Monday, Jan. 21, 1957
An Urgent Condition
THE NATION An Urgent Condition During one of the tangled debates of his first Administration, President Grover Cleveland rapped out an apt reminder to Congress: "It is a condition which confronts us--not a theory." Last week, as the 85th Congress took up President Eisenhower's resolution authorizing the use of force to keep the Communists out of the Middle East, the U.S. was confronted by an urgent world condition that was increasingly apparent the greater the distance from Capitol Hill.
One sure measure of the critical condition (and of the value of the President's proposal) was that the Communists, from Moscow to Peking, were reacting against Eisenhower with a fury unheard since their last hoped-for conquests (Formosa, South Viet Nam) slipped from their hands. Another measure was that the British, too long preoccupied with attacks on U.S. policy, were rallying around the point that the President's plan for the Middle East is a real contribution to world stability. "Everybody in Britain who is not lost in imperialist nostalgia or neutralist daydreams," keynoted London's middle-of-the-road News Chronicle, "should welcome it as a first step to better things."
In the Middle East itself, reported seasoned observers, the President's plan was being read (as it was meant to be read) not only as an offer of U.S. help and a symbol of the U.S.'s support for the independence of Arab nations, but as a sharp warning that the Arabs should no longer try to play off East against West. And never was there more urgent need, reported these observers, for the U.S. to consolidate its position with skillfully applied economic aid.

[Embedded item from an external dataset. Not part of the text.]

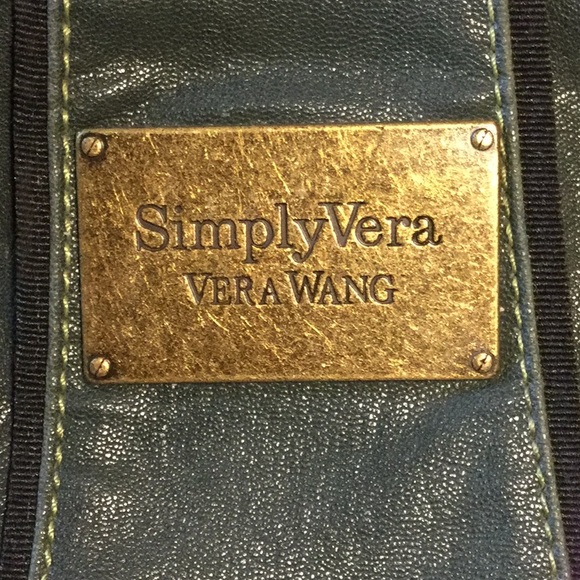 Simply Vera, Vera Wang Shoulder Bag - Picture 2 of 8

Thus confronted by crisis and a doctrine to ease it, the House Foreign Relations Committee last week opened hearings (see below) on the President's plan. Both Secretary of State Dulles and ex-Secretary of State Acheson propounded long-stored-up views and ran the gauntlet of the kind of serious, specific questions that Congress must and should ask. In a sense this was the kind of foreign-policy debate, unheard amid the oratory on the H-bombs and Joe Smiths of the 1956 campaign, that was long overdue. In an other sense, however, it was now for the House and Senate to relate the tone and the length of the debate to the critical condition, to bear in mind especially that the Communists will interpret undue delay in approving the bulk of the Eisenhower plan to mean that the U.S. is deeply divided about the wisdom of opposing Communism with both force and dollars in the Middle East.